Records for the exercise:
————————

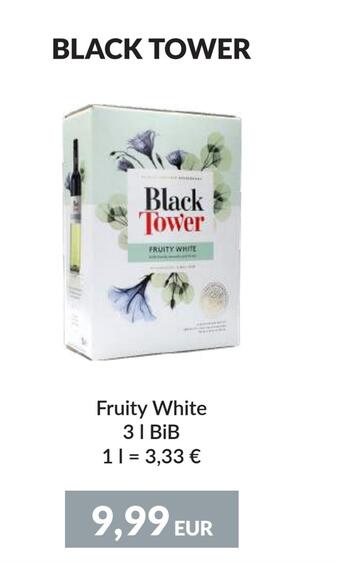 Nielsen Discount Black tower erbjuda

————————

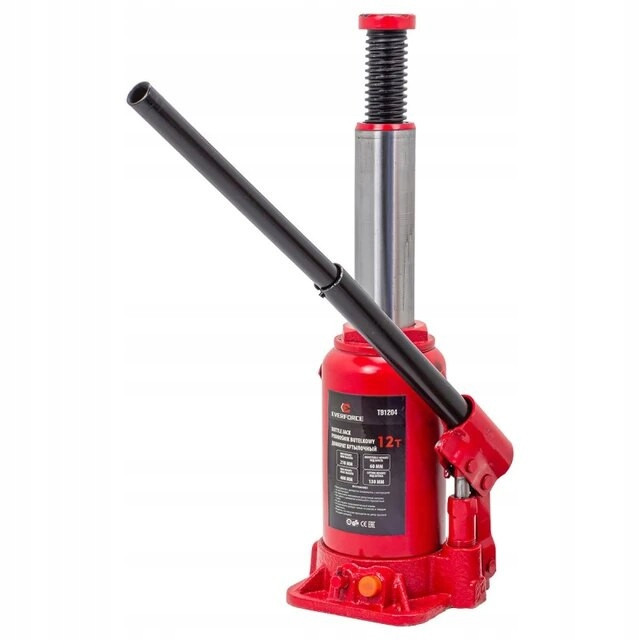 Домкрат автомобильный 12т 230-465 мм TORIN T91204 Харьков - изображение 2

————————

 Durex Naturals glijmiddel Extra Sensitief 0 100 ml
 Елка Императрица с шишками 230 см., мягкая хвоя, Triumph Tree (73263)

————————

Problem description: Within the listing above, give again exactly every line from the line with "Durex Naturals glijmiddel" through the line with "Елка Императрица с", both included, and no other line.

Result for this task:
 Durex Naturals glijmiddel Extra Sensitief 0 100 ml
 Елка Императрица с шишками 230 см., мягкая хвоя, Triumph Tree (73263)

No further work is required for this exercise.